Ausman graduated from UW-Madison with a Business degree. Beginning with working for the school’s student newspaper, he built a career in newspaper and magazine publishing. He has owned and managed two small weekly newspapers and been an executive for a large multi-national magazine publishing company.
Richard says he grew up in a “staunch Republican family.” But the Republican party has changed. He says, “I would prefer not to have a label, however, I am now a Democrat because the moderate middle-of-the-road GOP that I grew up with no longer exists. Folks like me who were raised with a sense of fairness for all and are middle-of-the-road moderates are no longer welcome in the Republican Party. But I have found a new home in the Democratic Party which is aligned with my personal beliefs and values.”
Ausman is running because he believes Tiffany does not represent the best interests of the people of northwest Wisconsin. Tiffany has voted against almost everything including important bills with bipartisan support (see the list on Ausman’s website). Tiffany opposed actions to fight the pandemic and voted against pandemic relief payments that kept the economy from crashing and helped many people in Wisconsin.
On the issues Ausman is best described as a moderate. He is liberal on many social issues, moderate on gun control and conservative on support for the police, support for the military and the war in Ukraine.
Here is a list of his positions from his website:
• Quality, affordable health care is a right and we need a better system that costs less and doesn’t bankrupt people.
• Woman should have the right to control their own bodies and make their own reproductive choices.
• It is time to pass the Equal Rights Amendment
• Public education is an investment in our children and our society. Community college and technical college should be free and educational loans should be 1% interest rate backed by the federal government.
• Veterans and their families should have the best care after serving our country and this care should be available from local providers.
• He does not support de-funding the police (but doesn’t discuss other police reforms)
• He will not cut Social Security, Medicare and Medicaid.
• He supports family farms and sustainable agriculture.
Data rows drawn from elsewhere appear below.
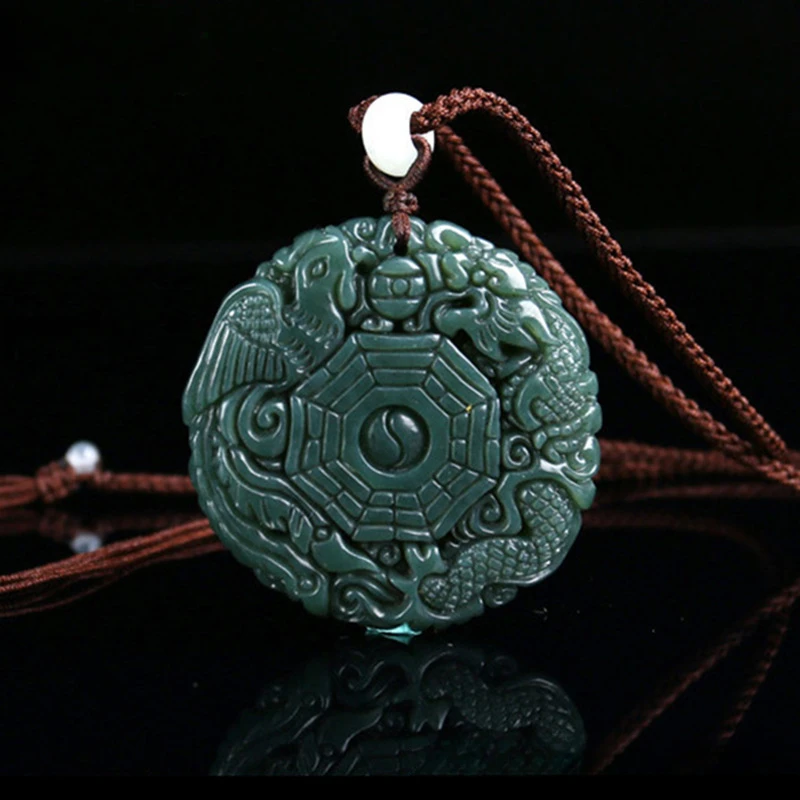 Hotan Jade Blue Jade Dragon and Phoenix Charm Couple Pendant Necklace Tai Chi Yin Yang Pair Love Jade Pendant jewelry elegant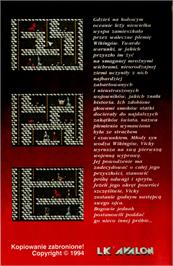 Box back cover for Vicky on the Commodore Amiga.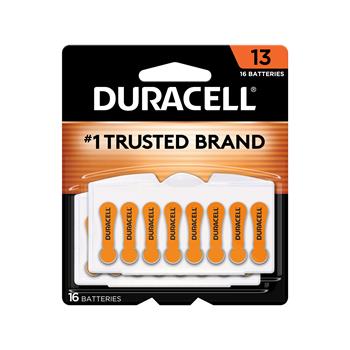 Duracell Size 13 Orange Hearing Aid Batteries, 16/Pack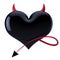 Heart devil evil love abstract demon lover concept black red
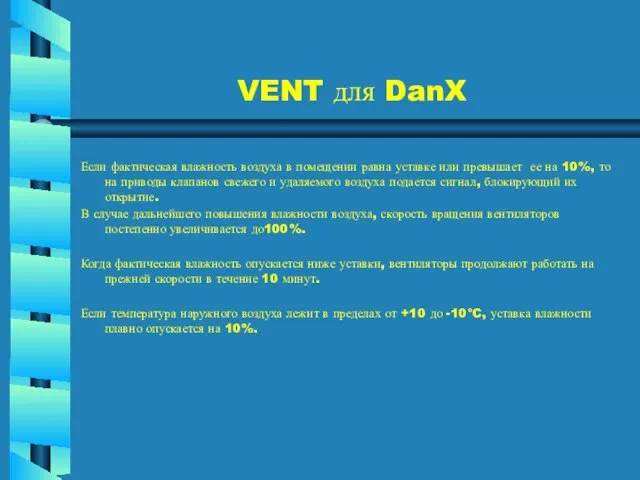 VENT для DanX Если фактическая влажность воздуха в помещении равна уставке или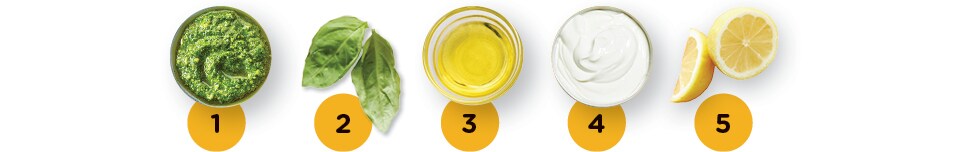 Photos of different garnishes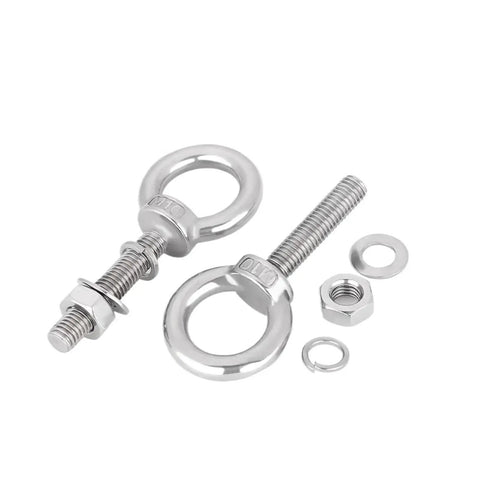 Heavy Duty Eye Bolts Kit For Outdoor Use, Weatherproof And Rust Resistant Hardware Set With High Load Bearing Capacity, Perfect For Ropes, Chains, Lifts, And Tethers In Rain, Sun, And Damp Conditions., M10x120mm stainless steel eye bolts with nuts and washers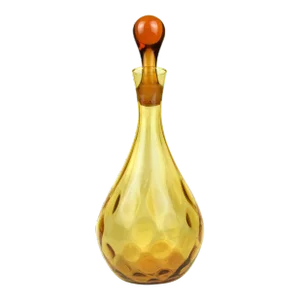 Mid Century Modern Italian Amber Glass Decanter Carafe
He opposes Republican efforts to eliminate food safety standards, agricultural environmental standards and support factory farms.
• Climate crisis is real and must be addressed. We must protect lakes, rivers, wetlands and water resources. Water is life.
• He is a gun owner, but supports limits on ownership, clip capacity, safety training and red flag laws.
• He supports small business and is not against big business. But big business should not be able to suppress competition and get favorable treatment to the detriment of small businesses and workers.
• Unions have been the backbone of our nation for decades. “I believe it should easier, not harder, for workers both public and private, to exercise their right to organize and join unions and will support legislation to do just that.”
• He supports social programs for families in times of need.
• He is a fiscal conservative. “I have been a business owner and have had to meet a payroll. But I will never vote for huge tax cuts for the wealthy and big corporations paid for with borrowed money that creates more and more government debt.”
• He says there is no room for hate. “We should be comfortable being who we are without fear of being considered a lesser person by someone else. Those who instill that fear need to understand why it is wrong.”
He is traveling the district in a campaign bus. He doesn’t have big outside money, a slick organization, or lots of nauseating TV ads. He needs your help.
Everyone can talk to their friends and relatives, put up a yard sign, organize a house party and donate. This is what real democracy looks like.
If Mr. Ausman goes to Washington it will because of ordinary people made it happen.